The Serial Data Analyzer program works by reading asynchronous
characters in from serial port 1 and transmitting them out to
serial port 2. The exact reverse is done with characters received
from serial port 2. All characters received are also stored in a
buffer and displayed on the screen. Data received from serial
port 1 is displayed in reverse video while data from serial port
2 is displayed in normal video. All printable ASCII characters
(hex $20 to $7E) will be displayed normally. The ASCII control
characters (hex $00 to $1F) will be displayed as [aaa] where the
aaa is the standard alpha symbol for the character, such as BS
for backspace. See Table I for a complete list of the symbols
used and their hexadecimal equivalents. Unprintable characters
(hex $7F to $FF) will be displayed as [hh] where hh is the
hexadecimal value. If characters are being received from both
serial ports at the same time, they will be mixed on the screen.
It is important to remember that there is some slight delay
between the time a character is received from one port and
transmitted to the other port. This delay may affect critical
timing.

To exit from the program back to DOS, simply press the ESCape
key.

To change the baud rate (on both ports), press the B key. The
baud rate is selected as at the beginnning of the program.

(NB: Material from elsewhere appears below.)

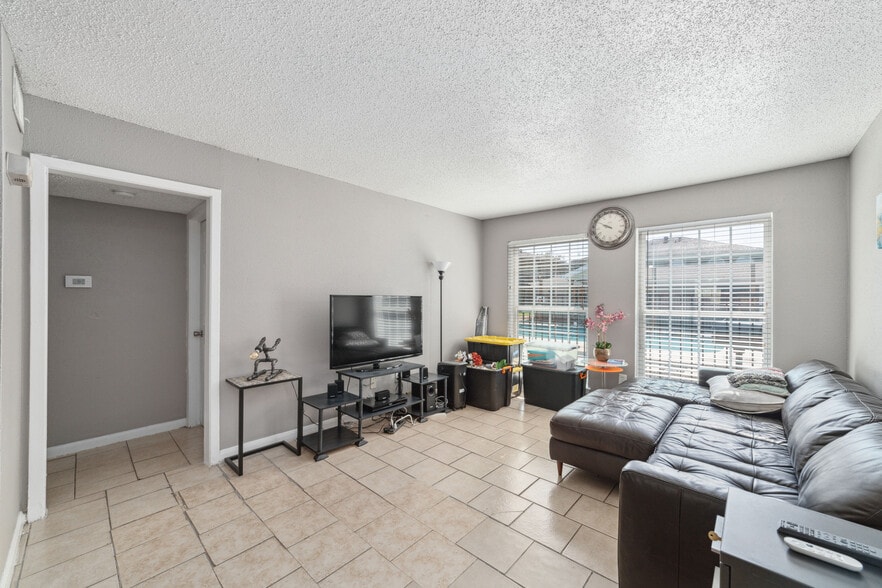 More Photos Of 8330 Carvel Ln, Houston Apartments For Sale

To save the current contents of the buffer (which can hold up to
32K of text, press the F key, then enter a the desired file name.
If the specified file already exists, it will be erased and
written over. If the buffer is empty, a message will indicate
this and no file name will be requested. In the datafile
created, all characters will be stored as shown on the screen.
Characters received from port 2 will have the uppermost bit set.
This file can be printed to Epson printers directly, with the
characters from port 2 being printed as italic characters. The
file is a straight ASCII file, except that there are no carriage
returns or line feeds inserted. Writing the buffer to a file
will clear the buffer. Pressing the C key will also clear the
buffer.

To set up a trigger string for either or both ports, press the T
key. You will be asked to enter a trigger string for each port.
An empty string for a port will mean that no trigger string will
be used for that port. Trigger strings can consist of any
characters the program will let you type in, except Carriage
Return, which ends the string. If a trigger string has been
defined for a port, the Serial Data Analyzer program will stop
receiving data from both ports as soon as a match is detected to
the target string.














To send a string of characters to either or both ports, press the
K key. You will be asked to type in a string, ending with a
carriage return. You will then be asked whether you want to
transmitted the carriage return/line feed; answer Y or N. Then
you will be given the option of sending the string to either or
both ports. After you answer the last question, the string will
be transmitted to the selected ports, and the Serial Data
Analyzer will return to normal mode.



Table I. - ASCII Control Codes and Hexadecimal Equivalents

Hex Symbol Hex Symbol

00 [NUL] 10 [DLE]
01 [SOH] 11 [DC1]
02 [STX] 12 [DC2]
03 [ETX] 13 [DC3]
04 [EOT] 14 [DC4]
05 [ENQ] 15 [NAK]
06 [ACK] 16 [SYN]
07 [BEL] 17 [ETB]
08 [BS] 18 [CAN]
09 [HT] 19 [EM]
0A [LF] 1A [SUB]
0B [VT] 1B [ESC]
0C [FF] 1C [FS]
0D [CR] 1D [GS]
0E [SO] 1E [RS]
0F [SI] 1F [US]



George Tucker
Sr. Software Project Engineer
Dairy Equipment Company
1919 S. Stoughton Road
Madison, WI 53716
(608) 222-3484

PS: I have also included SERDATAN, which is identical to SERDATA
except that it strips the Parity bit from all incoming data.